### YOUR ASSIGNMENT:
Please set down each of the lines below once more, exactly, omitting all pictures.

### DATA PROVIDED:

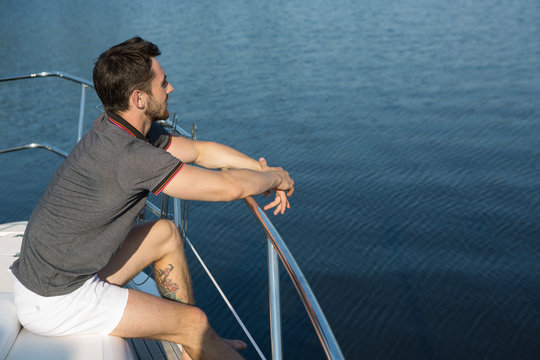 Side view of bearded man sitting on boat bow, thinking, dreaming and looking away at sea. Man wearing white shorts and grey t shirt. Concept of yach, sail boating and voyage. - Powered by Adobe
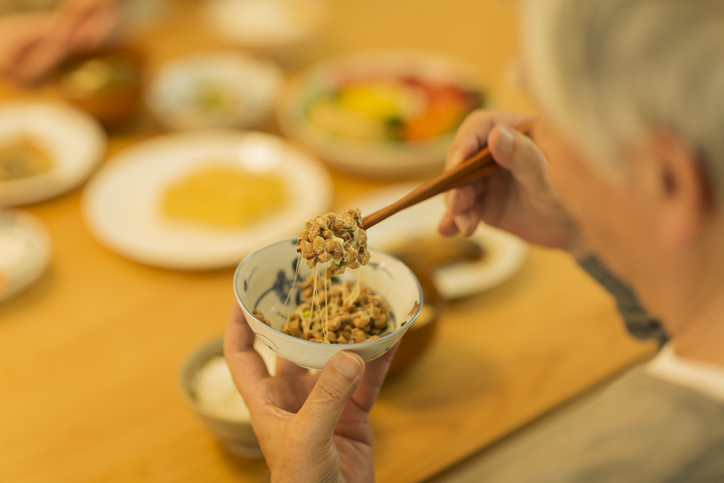 Senior man eating natto at dinner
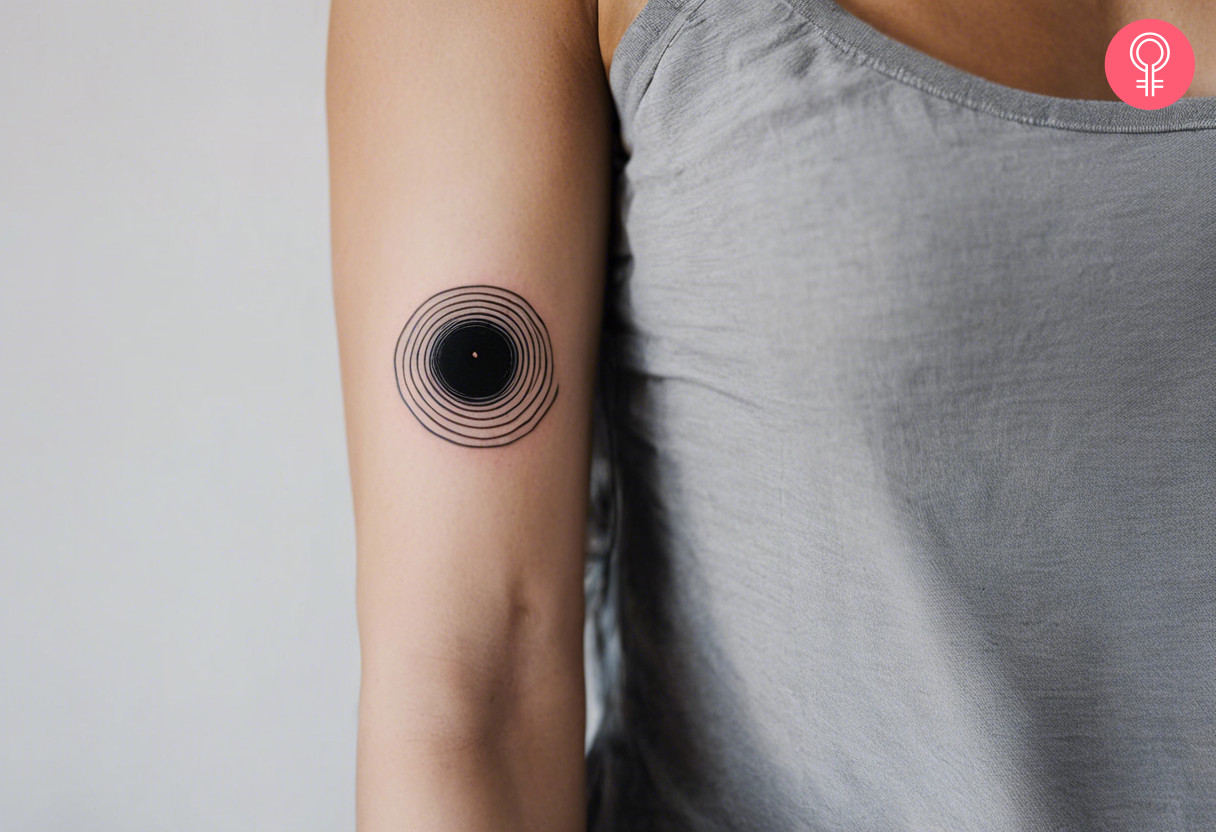 A woman with a minimalist black hole tattoo on her upper arm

### EXERCISE RESPONSE:
 Side view of bearded man sitting on boat bow, thinking, dreaming and looking away at sea. Man wearing white shorts and grey t shirt. Concept of yach, sail boating and voyage. - Powered by Adobe
 Senior man eating natto at dinner
 A woman with a minimalist black hole tattoo on her upper arm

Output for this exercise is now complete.